◆ **TASK GOAL**
When the string "with" is part of a line below, that line should be copied.

********

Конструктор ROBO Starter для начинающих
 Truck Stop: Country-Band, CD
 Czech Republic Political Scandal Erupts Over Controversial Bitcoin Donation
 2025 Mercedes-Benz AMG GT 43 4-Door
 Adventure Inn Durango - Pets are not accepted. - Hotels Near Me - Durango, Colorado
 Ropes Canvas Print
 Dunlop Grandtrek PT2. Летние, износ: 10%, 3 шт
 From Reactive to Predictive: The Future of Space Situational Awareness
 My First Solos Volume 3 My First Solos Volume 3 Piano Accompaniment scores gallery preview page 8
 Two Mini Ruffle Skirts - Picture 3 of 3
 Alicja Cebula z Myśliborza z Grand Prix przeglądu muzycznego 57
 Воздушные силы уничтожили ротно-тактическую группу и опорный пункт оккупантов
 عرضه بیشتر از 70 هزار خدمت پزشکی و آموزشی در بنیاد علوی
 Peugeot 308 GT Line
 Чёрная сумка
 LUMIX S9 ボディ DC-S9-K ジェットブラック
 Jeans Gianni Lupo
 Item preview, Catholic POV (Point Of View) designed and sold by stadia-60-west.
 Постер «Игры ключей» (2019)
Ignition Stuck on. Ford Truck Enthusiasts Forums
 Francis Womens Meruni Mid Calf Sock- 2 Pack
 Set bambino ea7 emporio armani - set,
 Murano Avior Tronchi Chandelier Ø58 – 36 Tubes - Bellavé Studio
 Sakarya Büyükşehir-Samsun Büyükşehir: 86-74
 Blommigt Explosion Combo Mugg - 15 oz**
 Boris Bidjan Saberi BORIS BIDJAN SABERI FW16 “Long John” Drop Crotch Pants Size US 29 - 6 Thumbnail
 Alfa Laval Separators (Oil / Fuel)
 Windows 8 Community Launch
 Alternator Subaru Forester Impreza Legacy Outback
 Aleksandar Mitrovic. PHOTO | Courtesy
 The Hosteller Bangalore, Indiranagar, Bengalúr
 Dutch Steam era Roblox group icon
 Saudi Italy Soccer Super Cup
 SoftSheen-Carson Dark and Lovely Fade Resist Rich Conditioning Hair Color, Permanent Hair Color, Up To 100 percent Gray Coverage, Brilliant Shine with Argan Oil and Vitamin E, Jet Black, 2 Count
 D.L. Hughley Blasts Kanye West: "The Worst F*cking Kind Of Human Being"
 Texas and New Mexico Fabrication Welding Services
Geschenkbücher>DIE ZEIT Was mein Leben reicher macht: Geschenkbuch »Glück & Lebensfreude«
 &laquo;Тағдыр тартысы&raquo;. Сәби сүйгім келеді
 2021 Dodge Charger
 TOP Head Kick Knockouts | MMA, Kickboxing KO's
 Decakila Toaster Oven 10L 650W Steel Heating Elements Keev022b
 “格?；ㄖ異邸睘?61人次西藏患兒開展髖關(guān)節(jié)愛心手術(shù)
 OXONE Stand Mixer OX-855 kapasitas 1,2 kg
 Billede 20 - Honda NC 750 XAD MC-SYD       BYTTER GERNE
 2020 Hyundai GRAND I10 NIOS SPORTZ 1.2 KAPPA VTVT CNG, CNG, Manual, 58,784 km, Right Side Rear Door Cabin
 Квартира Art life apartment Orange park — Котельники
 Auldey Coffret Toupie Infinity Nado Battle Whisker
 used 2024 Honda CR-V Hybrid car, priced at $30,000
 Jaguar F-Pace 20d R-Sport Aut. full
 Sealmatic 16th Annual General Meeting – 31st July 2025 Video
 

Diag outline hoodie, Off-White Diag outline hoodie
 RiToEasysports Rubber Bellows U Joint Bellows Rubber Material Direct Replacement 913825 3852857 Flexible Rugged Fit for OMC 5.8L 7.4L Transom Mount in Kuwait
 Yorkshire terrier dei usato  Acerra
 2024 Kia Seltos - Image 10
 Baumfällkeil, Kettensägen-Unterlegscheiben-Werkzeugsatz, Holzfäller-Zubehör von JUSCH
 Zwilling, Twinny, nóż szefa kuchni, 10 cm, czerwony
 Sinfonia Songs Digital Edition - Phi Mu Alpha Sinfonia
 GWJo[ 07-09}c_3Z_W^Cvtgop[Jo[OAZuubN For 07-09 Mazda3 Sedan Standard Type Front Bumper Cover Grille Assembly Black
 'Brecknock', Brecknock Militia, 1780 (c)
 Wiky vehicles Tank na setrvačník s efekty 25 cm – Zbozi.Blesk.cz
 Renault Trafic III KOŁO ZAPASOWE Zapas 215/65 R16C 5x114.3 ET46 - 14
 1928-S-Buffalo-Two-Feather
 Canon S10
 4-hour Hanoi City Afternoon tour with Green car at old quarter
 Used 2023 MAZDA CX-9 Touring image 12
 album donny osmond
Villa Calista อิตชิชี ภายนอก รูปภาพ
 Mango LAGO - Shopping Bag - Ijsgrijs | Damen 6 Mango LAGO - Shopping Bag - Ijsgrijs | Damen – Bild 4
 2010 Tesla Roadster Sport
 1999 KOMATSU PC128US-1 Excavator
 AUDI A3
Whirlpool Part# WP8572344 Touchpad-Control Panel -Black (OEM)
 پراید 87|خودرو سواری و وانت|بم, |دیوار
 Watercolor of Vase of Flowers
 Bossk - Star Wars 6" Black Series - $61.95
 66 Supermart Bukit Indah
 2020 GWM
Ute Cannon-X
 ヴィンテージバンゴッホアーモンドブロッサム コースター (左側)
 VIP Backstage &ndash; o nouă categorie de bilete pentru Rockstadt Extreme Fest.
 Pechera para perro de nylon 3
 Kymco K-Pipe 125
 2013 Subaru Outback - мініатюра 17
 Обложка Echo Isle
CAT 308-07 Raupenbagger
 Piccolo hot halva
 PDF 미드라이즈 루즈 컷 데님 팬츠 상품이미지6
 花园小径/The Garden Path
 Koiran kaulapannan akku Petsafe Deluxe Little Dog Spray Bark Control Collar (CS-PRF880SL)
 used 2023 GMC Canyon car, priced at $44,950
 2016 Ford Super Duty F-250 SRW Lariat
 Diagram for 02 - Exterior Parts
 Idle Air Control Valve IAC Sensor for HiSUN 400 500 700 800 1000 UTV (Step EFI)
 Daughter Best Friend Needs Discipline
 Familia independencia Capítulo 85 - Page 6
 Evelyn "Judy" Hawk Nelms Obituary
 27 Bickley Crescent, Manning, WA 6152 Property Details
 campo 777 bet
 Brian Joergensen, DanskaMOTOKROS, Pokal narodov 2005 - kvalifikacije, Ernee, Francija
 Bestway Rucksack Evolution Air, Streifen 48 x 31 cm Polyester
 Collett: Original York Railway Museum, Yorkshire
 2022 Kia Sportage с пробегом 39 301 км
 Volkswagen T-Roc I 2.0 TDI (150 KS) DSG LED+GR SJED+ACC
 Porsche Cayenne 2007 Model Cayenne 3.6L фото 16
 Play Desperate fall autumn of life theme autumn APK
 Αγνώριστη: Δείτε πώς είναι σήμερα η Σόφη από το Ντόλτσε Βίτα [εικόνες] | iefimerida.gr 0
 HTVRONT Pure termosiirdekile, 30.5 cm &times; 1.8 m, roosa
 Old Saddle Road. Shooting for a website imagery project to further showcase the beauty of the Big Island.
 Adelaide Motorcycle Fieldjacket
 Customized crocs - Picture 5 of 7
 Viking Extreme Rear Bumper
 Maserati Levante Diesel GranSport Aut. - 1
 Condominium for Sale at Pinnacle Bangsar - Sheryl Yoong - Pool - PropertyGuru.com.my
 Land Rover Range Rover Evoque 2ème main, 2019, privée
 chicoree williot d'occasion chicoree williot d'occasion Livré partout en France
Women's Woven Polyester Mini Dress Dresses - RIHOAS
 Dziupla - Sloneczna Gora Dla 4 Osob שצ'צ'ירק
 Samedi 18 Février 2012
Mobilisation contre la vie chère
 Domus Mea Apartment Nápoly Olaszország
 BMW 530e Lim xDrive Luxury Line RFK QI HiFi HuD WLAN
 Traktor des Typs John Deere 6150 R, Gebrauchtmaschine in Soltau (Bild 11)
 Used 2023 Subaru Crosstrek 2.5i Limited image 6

********

◆ **EXERCISE SOLUTION**
 SoftSheen-Carson Dark and Lovely Fade Resist Rich Conditioning Hair Color, Permanent Hair Color, Up To 100 percent Gray Coverage, Brilliant Shine with Argan Oil and Vitamin E, Jet Black, 2 Count
 4-hour Hanoi City Afternoon tour with Green car at old quarter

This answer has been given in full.